▶ ACTION ITEM:
Only the text belongs in the answer: every line of the records below, transcribed exactly.

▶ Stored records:
★ ★ ★ ★ ★

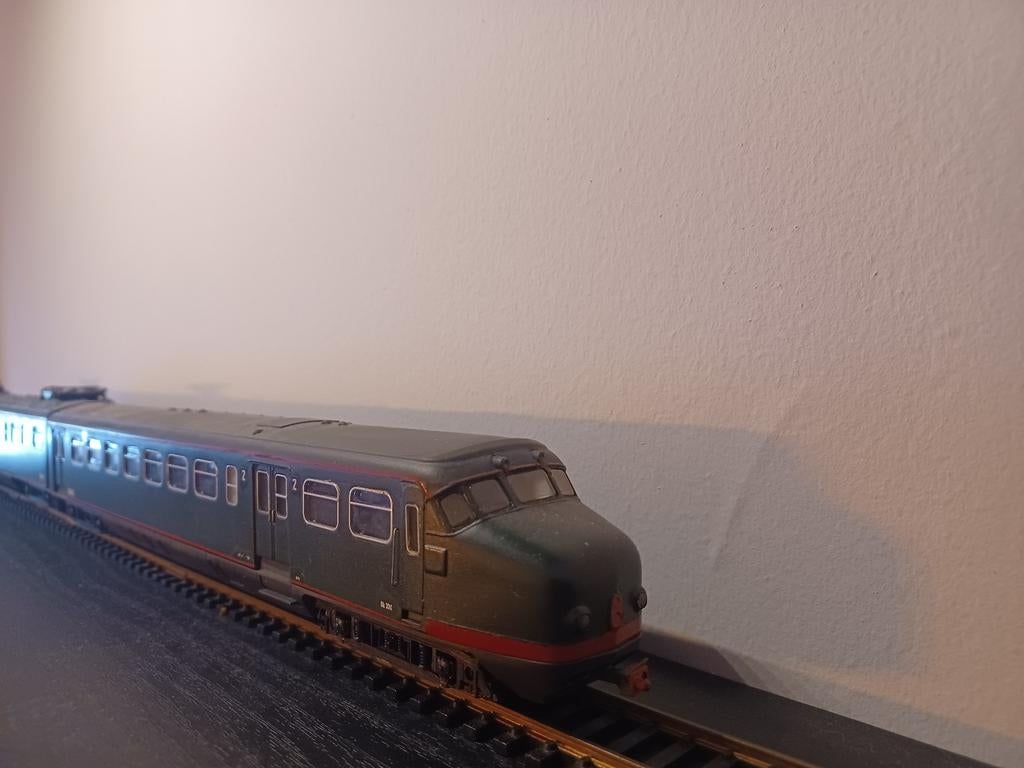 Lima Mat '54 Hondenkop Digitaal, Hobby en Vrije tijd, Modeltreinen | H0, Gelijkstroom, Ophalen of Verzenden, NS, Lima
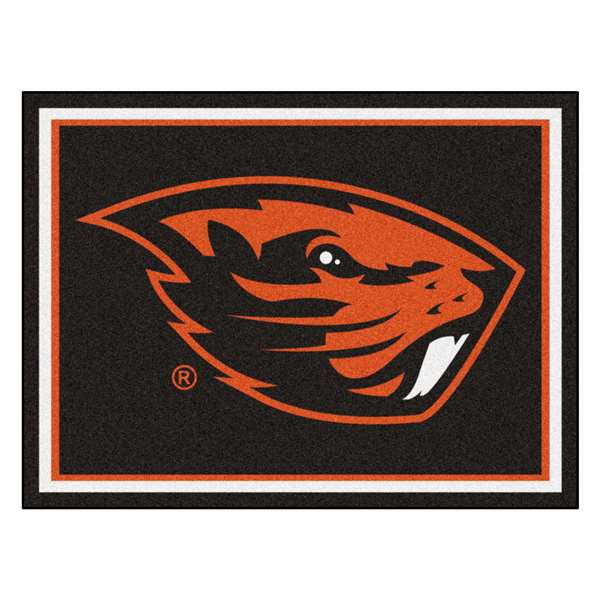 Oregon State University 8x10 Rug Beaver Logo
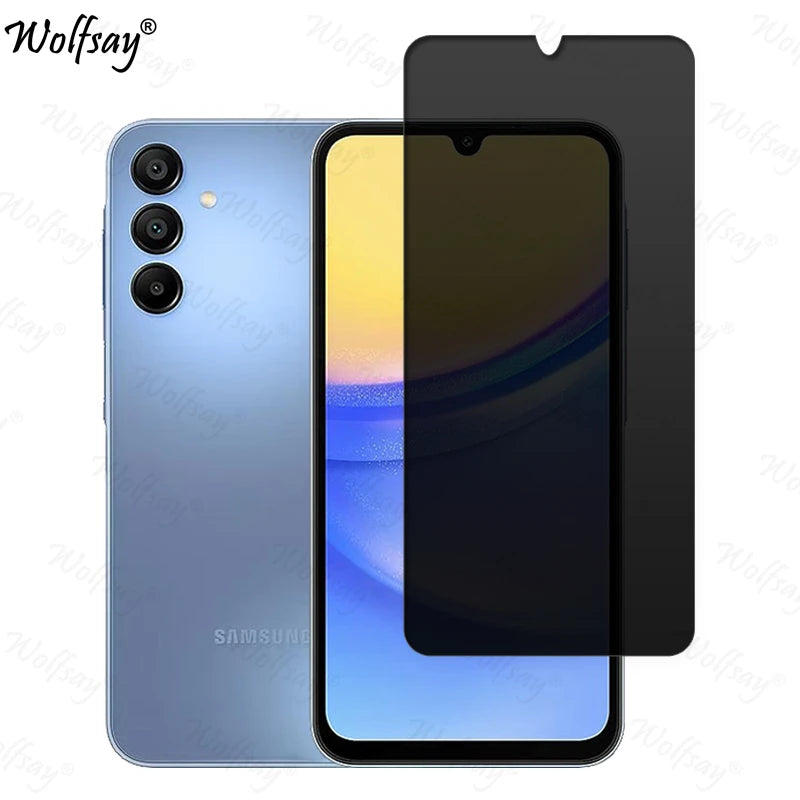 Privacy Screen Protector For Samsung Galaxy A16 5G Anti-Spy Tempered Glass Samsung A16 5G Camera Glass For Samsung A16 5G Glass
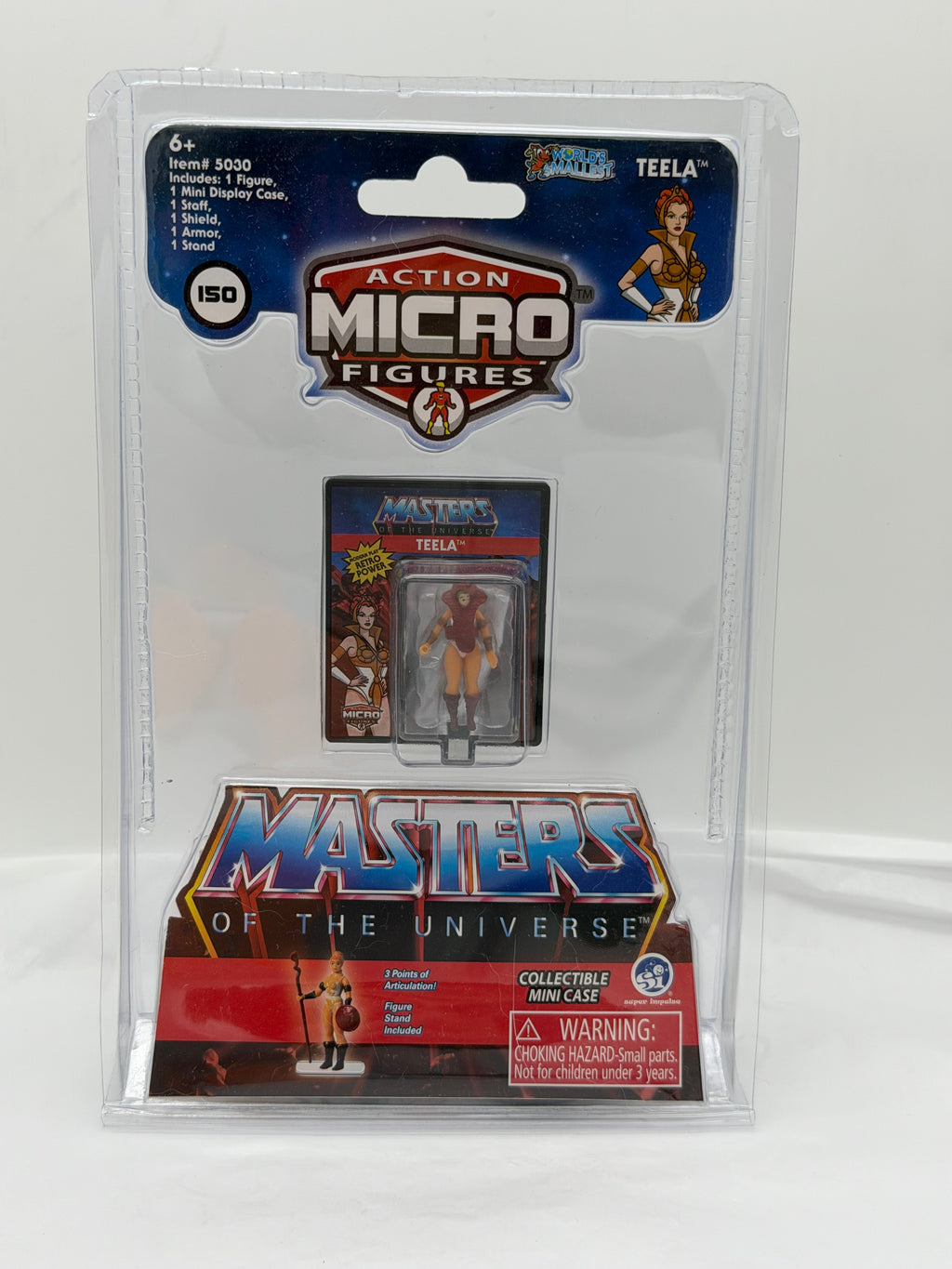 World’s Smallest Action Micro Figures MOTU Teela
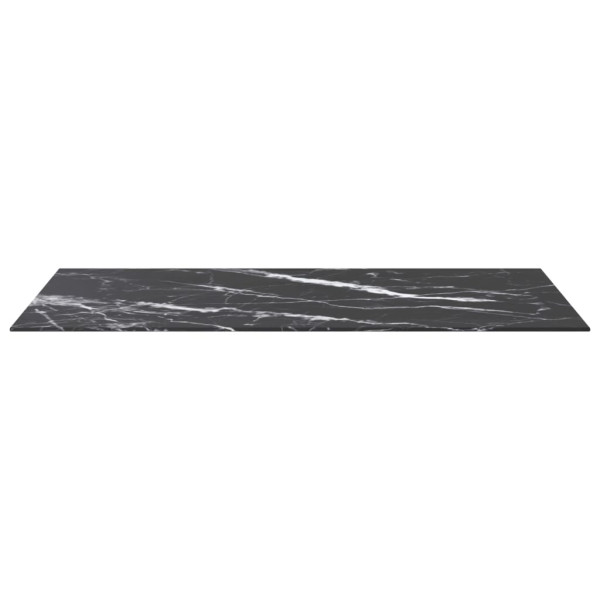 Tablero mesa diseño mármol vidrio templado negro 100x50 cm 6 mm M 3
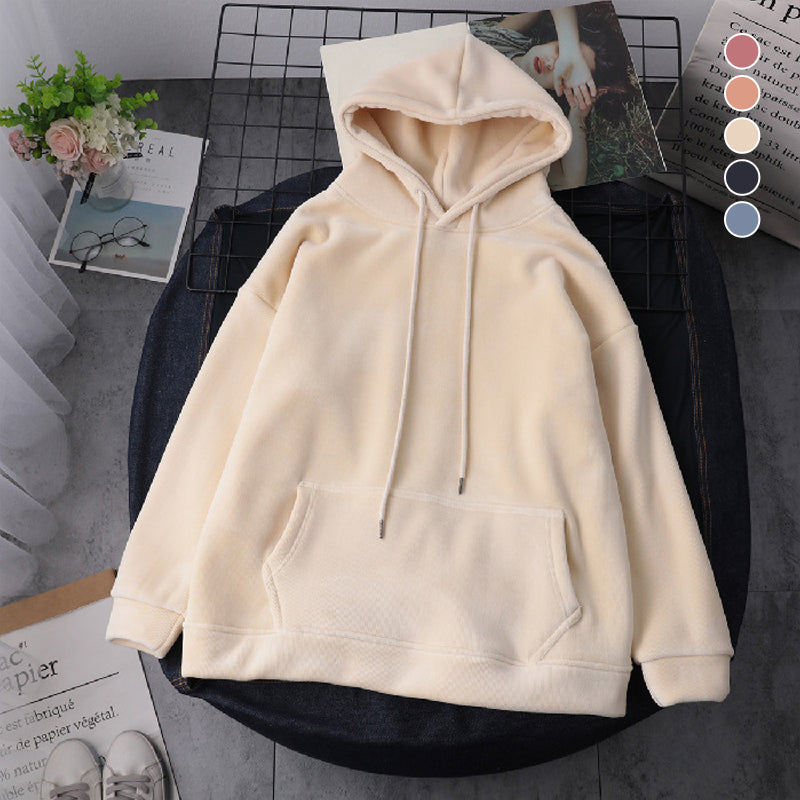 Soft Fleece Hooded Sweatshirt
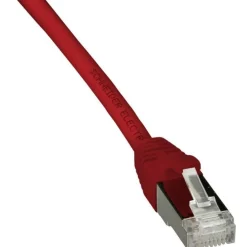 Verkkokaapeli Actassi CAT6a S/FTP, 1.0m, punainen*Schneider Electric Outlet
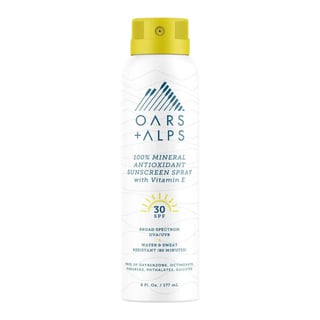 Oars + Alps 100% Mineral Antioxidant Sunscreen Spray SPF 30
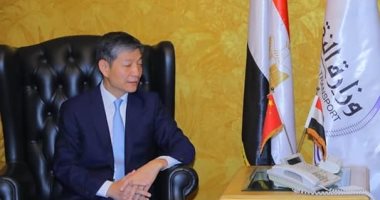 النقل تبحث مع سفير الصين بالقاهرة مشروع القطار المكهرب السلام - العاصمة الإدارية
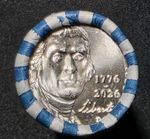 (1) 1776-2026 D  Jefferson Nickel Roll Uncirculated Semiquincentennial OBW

★ ★ ★ ★ ★

▶ REPLY:
 Lima Mat '54 Hondenkop Digitaal, Hobby en Vrije tijd, Modeltreinen | H0, Gelijkstroom, Ophalen of Verzenden, NS, Lima
 Oregon State University 8x10 Rug Beaver Logo
 Privacy Screen Protector For Samsung Galaxy A16 5G Anti-Spy Tempered Glass Samsung A16 5G Camera Glass For Samsung A16 5G Glass
 World’s Smallest Action Micro Figures MOTU Teela
 Tablero mesa diseño mármol vidrio templado negro 100x50 cm 6 mm M 3
 Soft Fleece Hooded Sweatshirt
 Verkkokaapeli Actassi CAT6a S/FTP, 1.0m, punainen*Schneider Electric Outlet
 Oars + Alps 100% Mineral Antioxidant Sunscreen Spray SPF 30
 النقل تبحث مع سفير الصين بالقاهرة مشروع القطار المكهرب السلام - العاصمة الإدارية
 (1) 1776-2026 D  Jefferson Nickel Roll Uncirculated Semiquincentennial OBW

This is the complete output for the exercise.